→ Work item: Restate word for word the lines below, from the one containing "SUITSUPPLY La Spalla" through the final line, with no pictures included.

****************

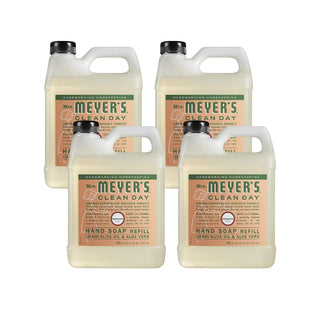 ´s Clean Day Hand Soap Refill by Mrs. MEYER'S – 33 Fl Oz (Pack of 4), Plastic, White, Pack of 4, Model 808124131637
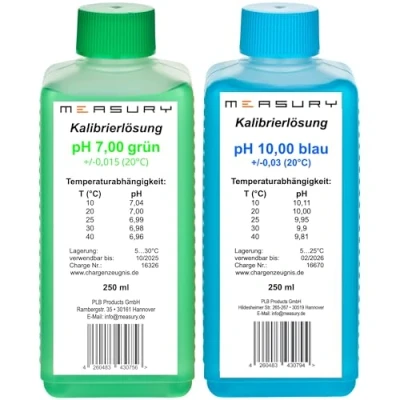 Afbeelding van Measury pH kalibratieoplossing 7.00 en 10.00 geproduceerd in Duitsland, bufferoplossing per 250 ml, ijkoplossing groen/blauw, kalibratievloeistofset ijkvloeistof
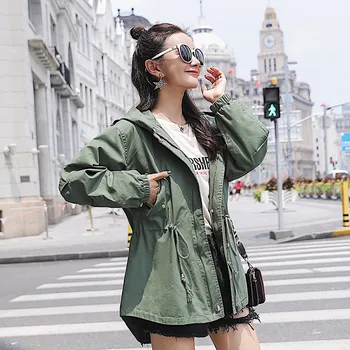

Women's Hooded Jackets 2019 Autumn Causal Windbreaker Women Basic Jackets Coats Sweater Zipper Lightweight Jackets Bomber Famale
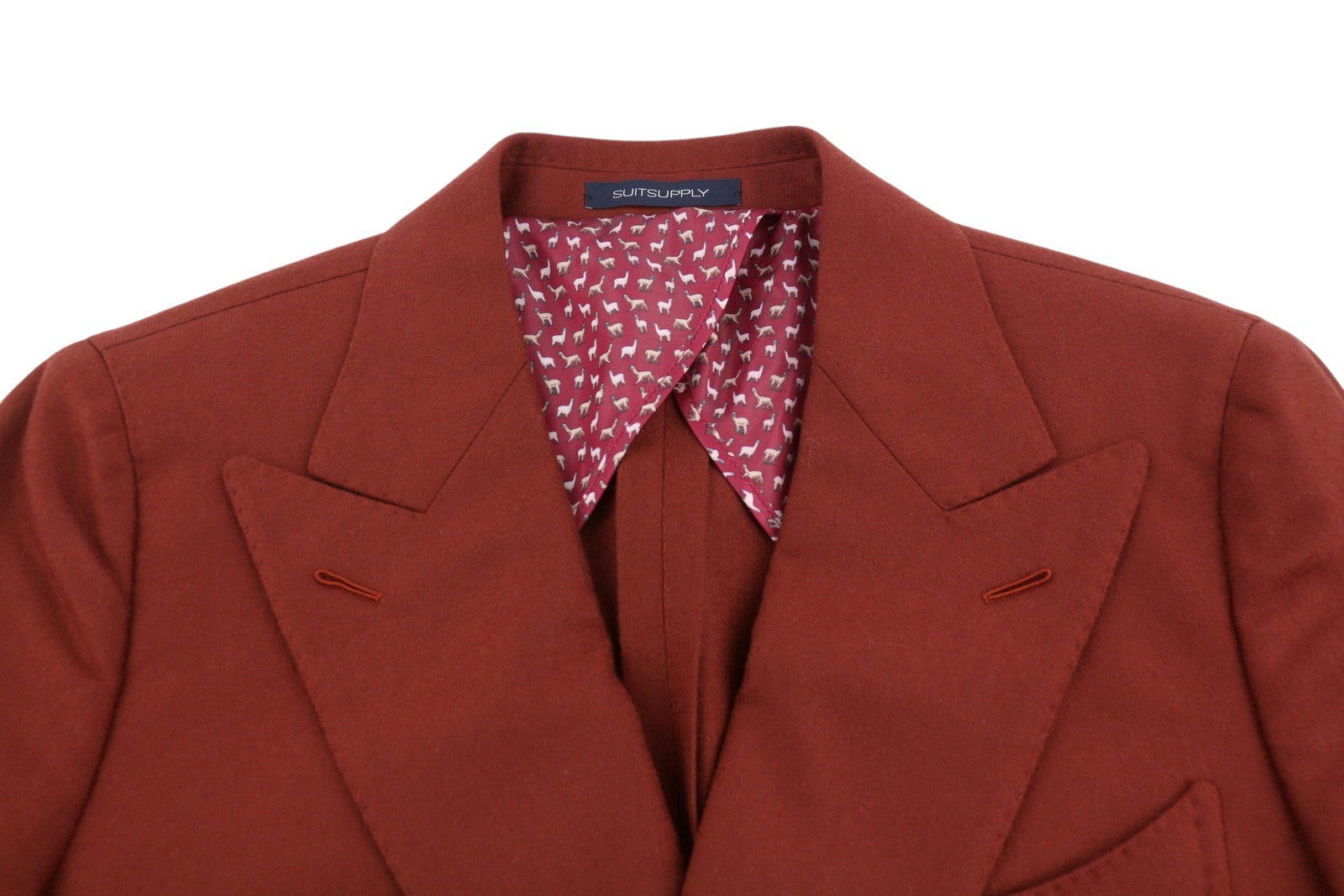 SUITSUPPLY La Spalla Men Blazer UK34S Orange Wool Peak Lapel Double-Breasted
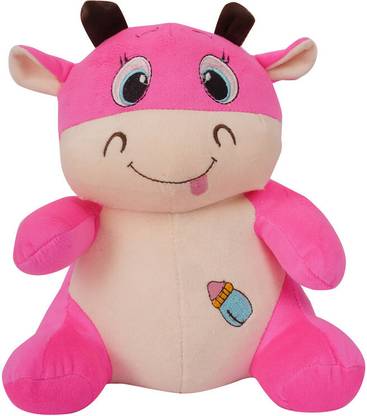 Hello Baby Imported Snappy Cow Stuffed Soft Toy for kids  - 20 cm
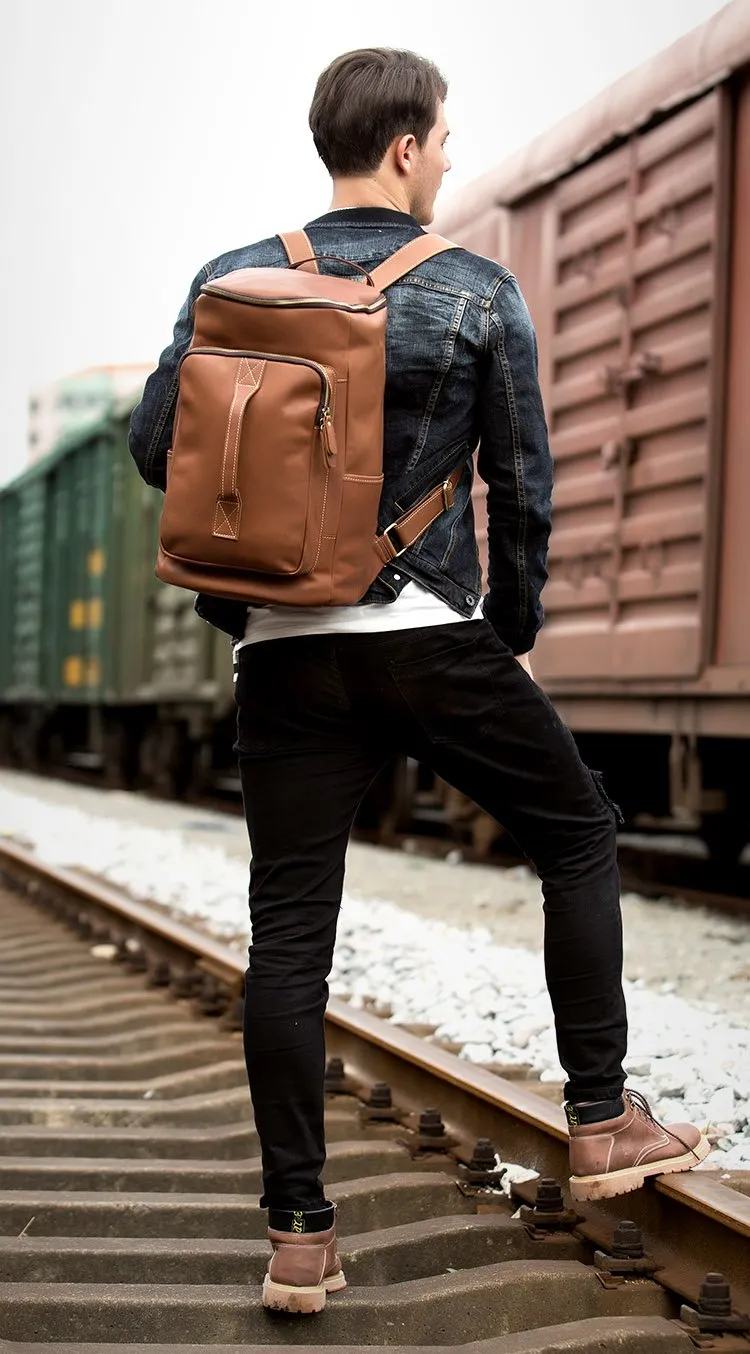 Black Fashion Mens Leather 15-inch Computer Barrel Backpack Brown Travel Bucket Backpacks School Backpacks for men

****************

→ Solved problem:
 SUITSUPPLY La Spalla Men Blazer UK34S Orange Wool Peak Lapel Double-Breasted
 Hello Baby Imported Snappy Cow Stuffed Soft Toy for kids  - 20 cm
 Black Fashion Mens Leather 15-inch Computer Barrel Backpack Brown Travel Bucket Backpacks School Backpacks for men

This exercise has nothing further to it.